##### GIVEN ENTRIES #####
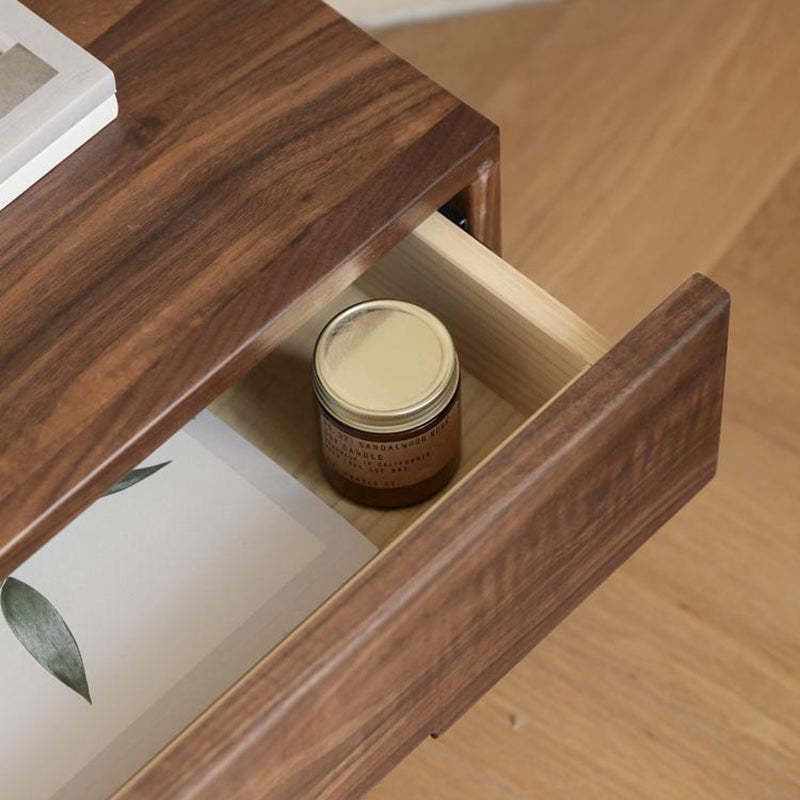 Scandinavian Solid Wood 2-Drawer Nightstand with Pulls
#####
##### GIVEN ENTRIES #####
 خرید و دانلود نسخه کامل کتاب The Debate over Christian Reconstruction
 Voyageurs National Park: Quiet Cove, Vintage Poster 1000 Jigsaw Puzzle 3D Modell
#####
WHAT YOU ARE ASKED TO DO:
Within the listing above, locate the line containing "خرید و دانلود" and the line containing "Voyageurs National Park: Quiet". Reproduce those two lines and all lines between them exactly, with nothing added.

RESULT OF THE EXERCISE:
 خرید و دانلود نسخه کامل کتاب The Debate over Christian Reconstruction
 Voyageurs National Park: Quiet Cove, Vintage Poster 1000 Jigsaw Puzzle 3D Modell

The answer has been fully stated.